Your instructions
Leave every picture out, and retype all the remaining records exactly.

- Opening Delimiter -

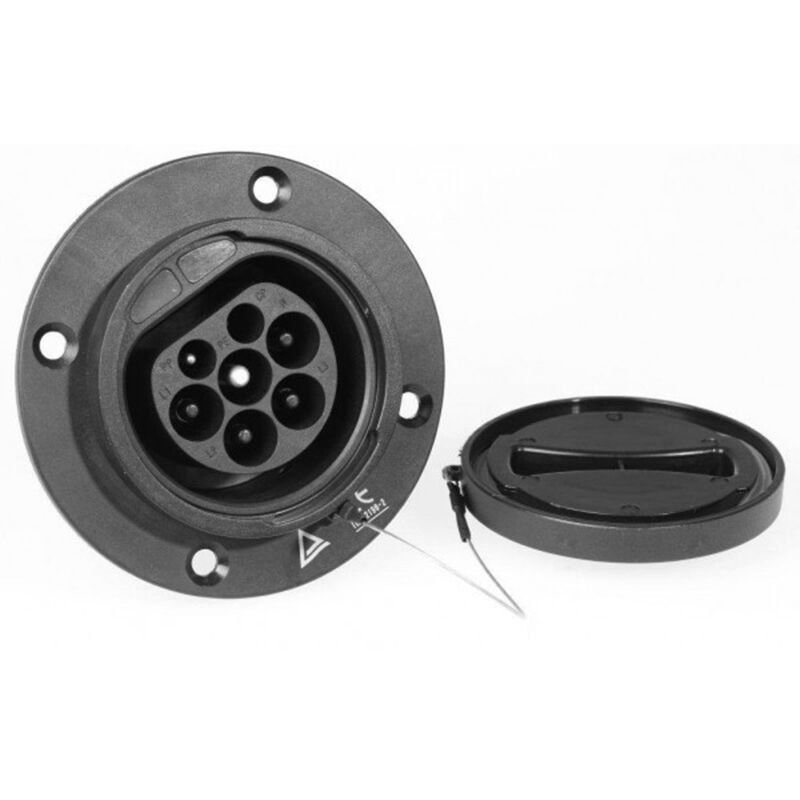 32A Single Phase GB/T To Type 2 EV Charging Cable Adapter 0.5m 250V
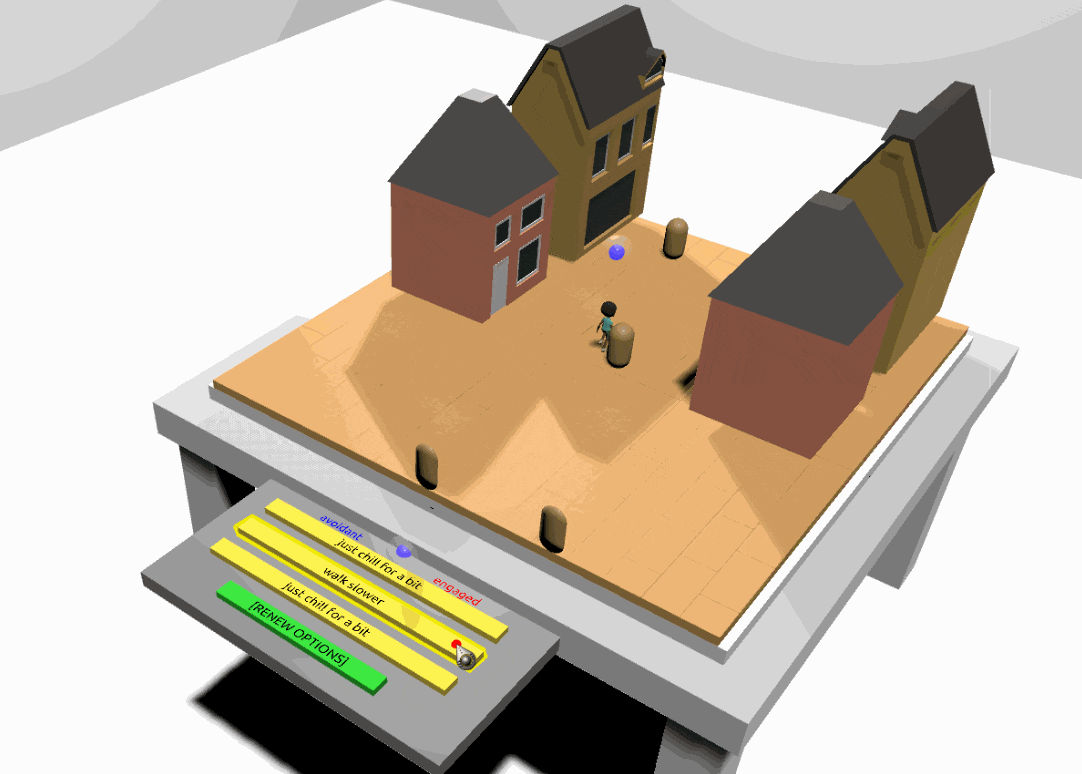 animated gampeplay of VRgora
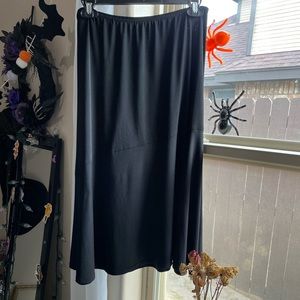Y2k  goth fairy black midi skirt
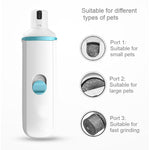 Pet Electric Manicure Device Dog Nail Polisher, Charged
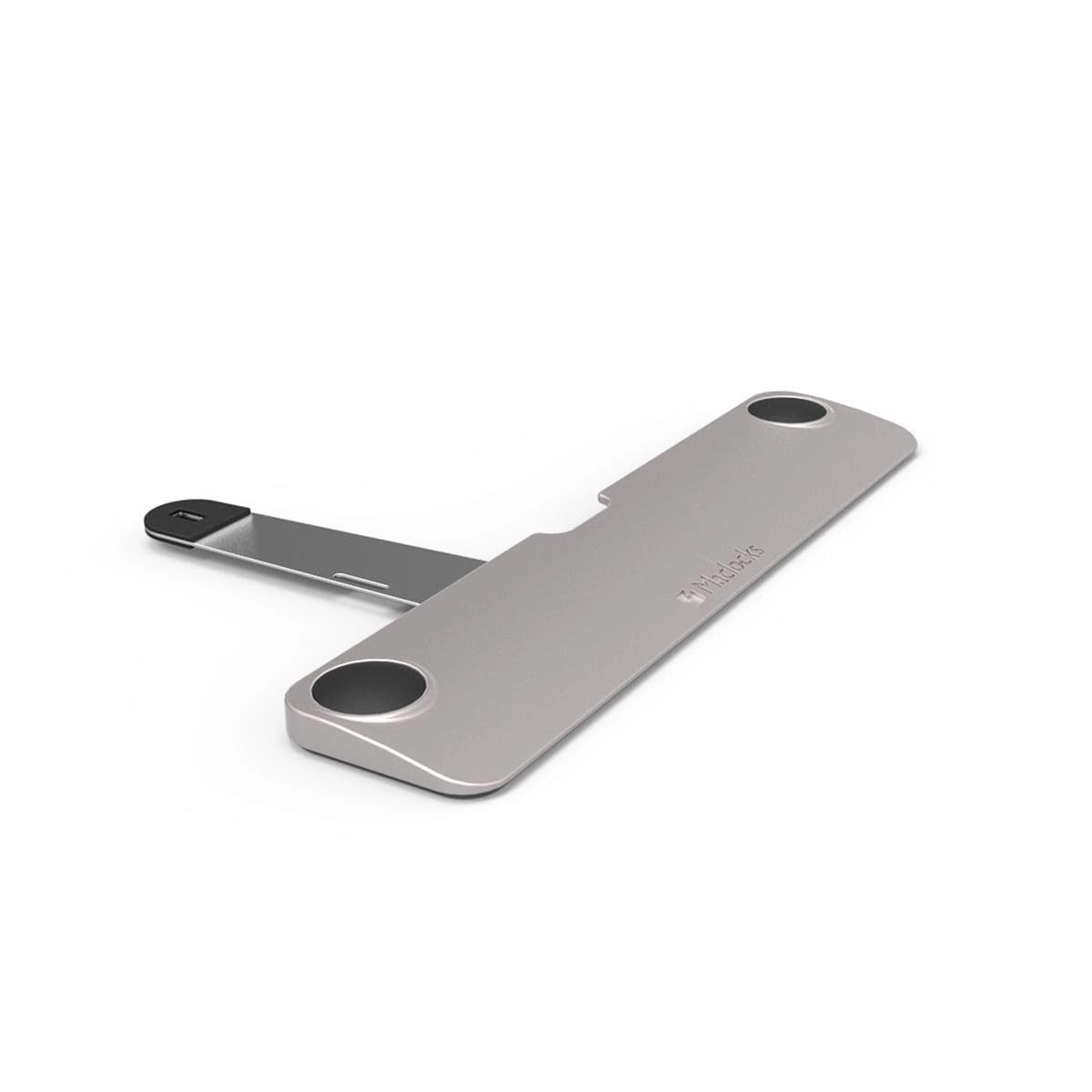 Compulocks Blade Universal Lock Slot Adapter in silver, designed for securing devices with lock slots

- Closing Delimiter -

Task solution
 32A Single Phase GB/T To Type 2 EV Charging Cable Adapter 0.5m 250V
 animated gampeplay of VRgora
Y2k  goth fairy black midi skirt
 Pet Electric Manicure Device Dog Nail Polisher, Charged
 Compulocks Blade Universal Lock Slot Adapter in silver, designed for securing devices with lock slots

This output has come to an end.